What needs to be done: Give back the lines below verbatim, omitting all pictures.

Source data:

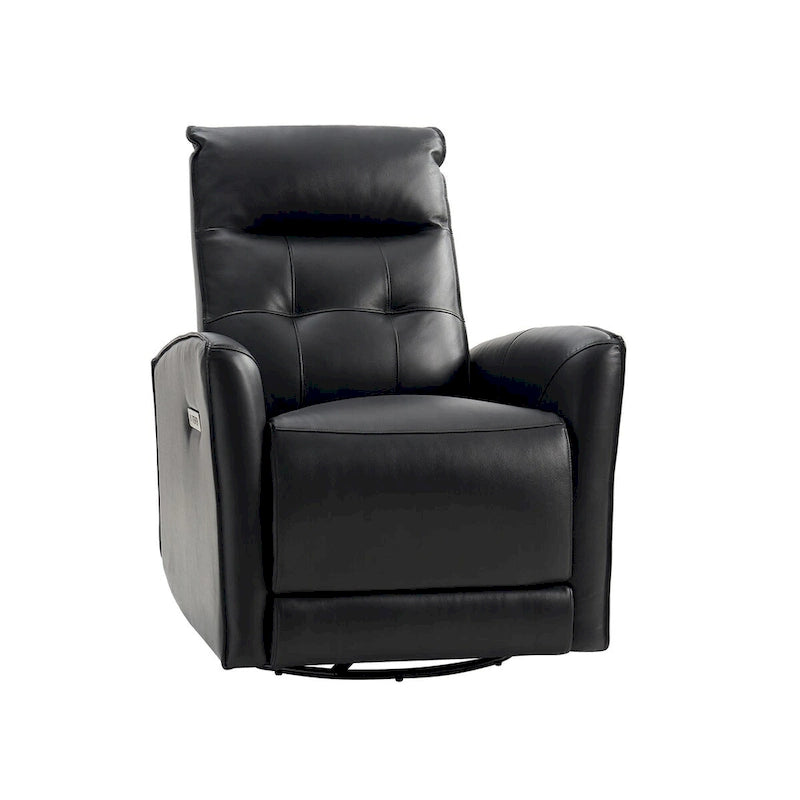 Fauteuil inclinable électrique en cuir véritable | Appuie-tête et repose-pieds électriques | Port USB | 150 kg | Pivotant et à bascule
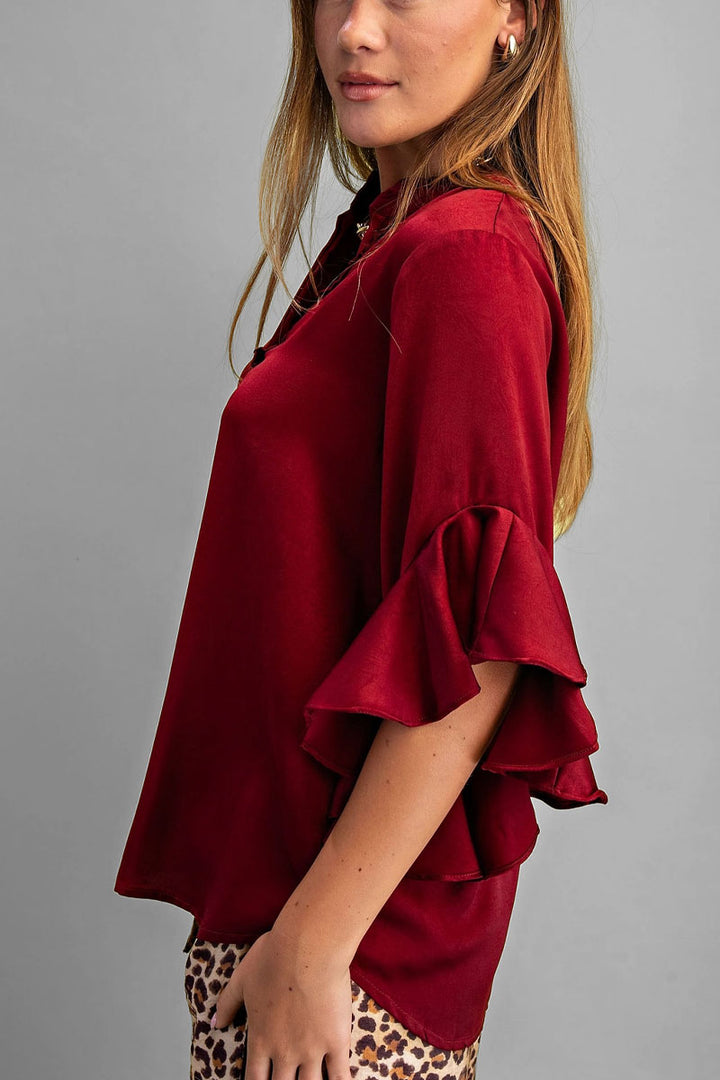 Satin Ruffle Top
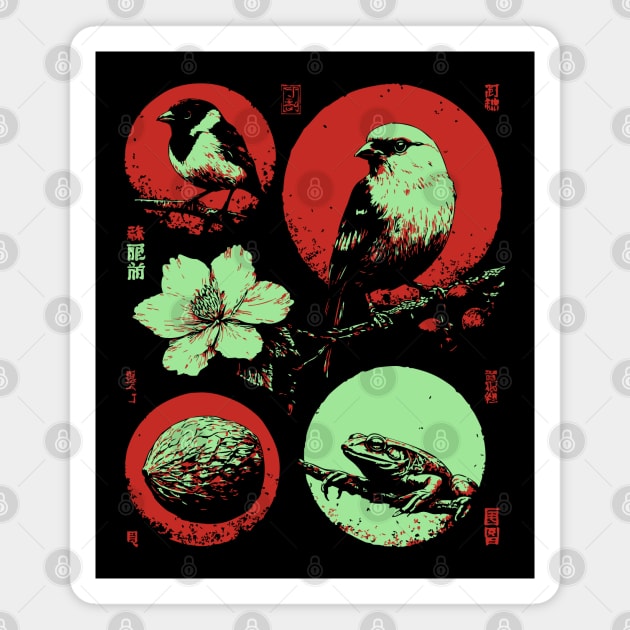 Woodland Birds - Ukiyo-e Japanese Nature Collage Magnet by TuncGK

Finished exercise:
 Fauteuil inclinable électrique en cuir véritable | Appuie-tête et repose-pieds électriques | Port USB | 150 kg | Pivotant et à bascule
 Satin Ruffle Top
 Woodland Birds - Ukiyo-e Japanese Nature Collage Magnet by TuncGK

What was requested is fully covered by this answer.